Adil Mohammad

Personal information
- Full name: Adil Khalid Mohammad
- Nationality: United Arab Emirates
- Born: 8 October 1988 (age 37) Dubai, United Arab Emirates
- Height: 1.67 m (5 ft 6 in)
- Weight: 75 kg (165 lb)

Sport

Sailing career
- Class: Dinghy
- Club: Emirates Sailing School
- Coach: Omar Mohamed Bazara

= Adil Mohammad =

Emirati sailor

Adil Khalid Mohammad (عادل خالد محمد; born 8 October 1988 in Dubai) is an Emirati sailor, who specialized in the Laser class. Mohammad became the first and only Emirati sailor to represent his country at the Olympic Games, where he finished forty-second in his respective category at Beijing 2008. Mohammed trained at the Emirates Sailing School in his native Dubai, under head coach Omar Mohamed Bazara.

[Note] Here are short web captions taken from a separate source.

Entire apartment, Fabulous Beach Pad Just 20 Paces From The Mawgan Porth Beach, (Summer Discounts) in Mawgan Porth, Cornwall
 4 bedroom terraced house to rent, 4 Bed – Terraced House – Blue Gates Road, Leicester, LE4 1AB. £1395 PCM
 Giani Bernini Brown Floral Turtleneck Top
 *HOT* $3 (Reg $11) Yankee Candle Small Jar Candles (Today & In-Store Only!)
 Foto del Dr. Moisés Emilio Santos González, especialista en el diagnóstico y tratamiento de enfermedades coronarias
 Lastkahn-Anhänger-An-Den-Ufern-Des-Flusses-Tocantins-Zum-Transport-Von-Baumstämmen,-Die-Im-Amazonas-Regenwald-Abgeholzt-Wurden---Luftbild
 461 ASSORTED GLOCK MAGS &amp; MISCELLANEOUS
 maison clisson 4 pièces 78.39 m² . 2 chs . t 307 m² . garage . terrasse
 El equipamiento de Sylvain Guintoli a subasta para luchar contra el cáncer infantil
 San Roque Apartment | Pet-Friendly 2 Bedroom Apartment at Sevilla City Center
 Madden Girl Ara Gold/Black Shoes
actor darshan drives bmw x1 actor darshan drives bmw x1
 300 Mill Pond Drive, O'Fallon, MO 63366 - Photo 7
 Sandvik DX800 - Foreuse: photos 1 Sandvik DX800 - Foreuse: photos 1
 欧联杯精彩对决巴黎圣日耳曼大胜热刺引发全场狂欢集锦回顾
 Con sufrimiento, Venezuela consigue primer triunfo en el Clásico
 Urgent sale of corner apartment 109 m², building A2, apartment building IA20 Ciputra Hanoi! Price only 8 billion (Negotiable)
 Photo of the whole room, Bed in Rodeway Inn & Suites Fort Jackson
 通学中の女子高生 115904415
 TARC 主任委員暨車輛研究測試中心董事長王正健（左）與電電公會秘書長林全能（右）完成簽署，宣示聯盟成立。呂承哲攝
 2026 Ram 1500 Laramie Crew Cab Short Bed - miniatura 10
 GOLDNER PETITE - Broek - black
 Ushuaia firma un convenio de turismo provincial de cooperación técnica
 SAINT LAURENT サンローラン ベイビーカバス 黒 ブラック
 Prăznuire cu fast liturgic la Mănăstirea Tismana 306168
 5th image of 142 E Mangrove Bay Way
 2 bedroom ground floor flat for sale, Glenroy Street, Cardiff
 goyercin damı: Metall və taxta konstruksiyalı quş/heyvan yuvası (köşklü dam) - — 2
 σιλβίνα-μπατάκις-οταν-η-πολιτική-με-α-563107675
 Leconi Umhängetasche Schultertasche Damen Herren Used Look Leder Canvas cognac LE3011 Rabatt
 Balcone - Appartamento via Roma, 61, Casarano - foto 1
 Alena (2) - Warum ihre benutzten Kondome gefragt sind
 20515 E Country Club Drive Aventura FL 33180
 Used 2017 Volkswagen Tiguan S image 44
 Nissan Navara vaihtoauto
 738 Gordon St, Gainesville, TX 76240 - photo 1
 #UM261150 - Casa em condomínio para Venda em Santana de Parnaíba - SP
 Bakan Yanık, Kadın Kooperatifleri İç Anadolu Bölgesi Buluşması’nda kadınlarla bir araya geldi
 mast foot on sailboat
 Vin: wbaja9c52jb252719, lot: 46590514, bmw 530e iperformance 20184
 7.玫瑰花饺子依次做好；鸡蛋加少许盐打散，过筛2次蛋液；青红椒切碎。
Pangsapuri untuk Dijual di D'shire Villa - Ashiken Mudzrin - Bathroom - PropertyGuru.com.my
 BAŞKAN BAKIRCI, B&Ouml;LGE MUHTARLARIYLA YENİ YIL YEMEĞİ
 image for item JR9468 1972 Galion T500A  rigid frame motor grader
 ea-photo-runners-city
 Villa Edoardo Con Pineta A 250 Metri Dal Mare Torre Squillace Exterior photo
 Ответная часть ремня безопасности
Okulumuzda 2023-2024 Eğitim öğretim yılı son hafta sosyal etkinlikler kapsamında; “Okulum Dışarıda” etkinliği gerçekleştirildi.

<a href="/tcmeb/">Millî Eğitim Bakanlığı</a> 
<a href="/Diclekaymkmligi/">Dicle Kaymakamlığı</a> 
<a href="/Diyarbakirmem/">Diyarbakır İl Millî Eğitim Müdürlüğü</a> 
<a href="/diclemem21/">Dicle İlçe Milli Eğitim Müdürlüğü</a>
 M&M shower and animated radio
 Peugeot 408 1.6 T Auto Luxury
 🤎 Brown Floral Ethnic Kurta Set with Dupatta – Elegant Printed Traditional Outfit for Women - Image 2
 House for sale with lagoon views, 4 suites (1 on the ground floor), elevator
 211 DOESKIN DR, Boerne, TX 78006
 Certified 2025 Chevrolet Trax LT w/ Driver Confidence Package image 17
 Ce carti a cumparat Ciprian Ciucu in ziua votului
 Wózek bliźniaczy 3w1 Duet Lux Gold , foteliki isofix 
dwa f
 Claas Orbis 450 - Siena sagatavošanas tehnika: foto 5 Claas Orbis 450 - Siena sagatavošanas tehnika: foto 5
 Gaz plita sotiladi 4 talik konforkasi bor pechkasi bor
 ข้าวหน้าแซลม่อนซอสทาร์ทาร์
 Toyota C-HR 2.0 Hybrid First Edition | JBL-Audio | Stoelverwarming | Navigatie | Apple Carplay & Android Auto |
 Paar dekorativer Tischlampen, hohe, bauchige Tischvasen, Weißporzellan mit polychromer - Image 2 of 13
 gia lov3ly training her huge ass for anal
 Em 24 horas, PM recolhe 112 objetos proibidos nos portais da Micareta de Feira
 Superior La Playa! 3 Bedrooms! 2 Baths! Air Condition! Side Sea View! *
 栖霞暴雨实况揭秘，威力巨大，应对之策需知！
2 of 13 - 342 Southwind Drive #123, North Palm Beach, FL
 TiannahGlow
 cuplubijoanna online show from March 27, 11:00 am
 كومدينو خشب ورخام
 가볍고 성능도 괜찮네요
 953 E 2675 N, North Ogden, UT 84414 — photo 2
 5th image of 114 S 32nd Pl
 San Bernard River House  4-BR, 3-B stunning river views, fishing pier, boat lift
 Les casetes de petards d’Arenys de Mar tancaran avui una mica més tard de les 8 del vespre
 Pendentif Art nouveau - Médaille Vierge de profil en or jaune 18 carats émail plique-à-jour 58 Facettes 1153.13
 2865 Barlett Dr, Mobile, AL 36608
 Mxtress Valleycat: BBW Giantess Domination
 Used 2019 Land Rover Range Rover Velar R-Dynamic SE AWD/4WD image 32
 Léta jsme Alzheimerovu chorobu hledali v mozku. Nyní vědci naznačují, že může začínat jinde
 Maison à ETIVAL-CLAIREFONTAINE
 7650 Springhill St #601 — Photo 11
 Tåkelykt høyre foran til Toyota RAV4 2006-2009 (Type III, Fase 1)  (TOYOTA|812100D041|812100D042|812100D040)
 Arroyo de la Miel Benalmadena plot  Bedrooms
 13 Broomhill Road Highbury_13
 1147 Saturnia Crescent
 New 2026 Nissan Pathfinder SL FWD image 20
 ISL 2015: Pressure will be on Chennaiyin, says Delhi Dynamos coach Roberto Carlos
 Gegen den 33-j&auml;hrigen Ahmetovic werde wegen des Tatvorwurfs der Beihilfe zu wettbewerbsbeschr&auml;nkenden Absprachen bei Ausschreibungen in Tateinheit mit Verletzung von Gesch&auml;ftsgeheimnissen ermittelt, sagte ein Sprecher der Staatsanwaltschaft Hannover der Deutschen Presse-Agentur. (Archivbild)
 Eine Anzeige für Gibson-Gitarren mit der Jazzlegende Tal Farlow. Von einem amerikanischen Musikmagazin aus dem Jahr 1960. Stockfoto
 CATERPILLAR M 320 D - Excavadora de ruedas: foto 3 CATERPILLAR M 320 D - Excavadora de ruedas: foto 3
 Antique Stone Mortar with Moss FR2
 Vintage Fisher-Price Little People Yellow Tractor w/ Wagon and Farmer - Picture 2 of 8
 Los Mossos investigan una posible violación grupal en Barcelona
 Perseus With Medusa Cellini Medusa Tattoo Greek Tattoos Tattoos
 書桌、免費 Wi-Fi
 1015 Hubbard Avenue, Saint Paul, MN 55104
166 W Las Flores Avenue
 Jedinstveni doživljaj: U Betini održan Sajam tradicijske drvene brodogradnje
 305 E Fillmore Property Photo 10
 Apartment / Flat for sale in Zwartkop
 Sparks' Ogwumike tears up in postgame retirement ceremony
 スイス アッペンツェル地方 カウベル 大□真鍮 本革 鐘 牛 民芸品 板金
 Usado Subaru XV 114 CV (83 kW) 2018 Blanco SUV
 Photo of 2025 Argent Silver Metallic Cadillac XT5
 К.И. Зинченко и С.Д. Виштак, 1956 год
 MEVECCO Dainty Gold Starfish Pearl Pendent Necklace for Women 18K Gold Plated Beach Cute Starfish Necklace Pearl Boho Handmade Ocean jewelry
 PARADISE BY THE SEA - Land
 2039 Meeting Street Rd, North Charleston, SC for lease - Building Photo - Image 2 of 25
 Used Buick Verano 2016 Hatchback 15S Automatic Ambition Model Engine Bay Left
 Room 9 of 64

Mohammed qualified for his nation's Olympic sailing debut in the Laser class at the 2008 Summer Olympics in Beijing by granting a tripartite invitation from the International Sailing Federation and the International Olympic Committee. Despite producing his best performance of the Games by finishing eleventh in the fifth race, Mohammad strived his relentless effort to obtain the penultimate position in a fleet of forty-three sailors at the end of the eleven-race series with 272 net points.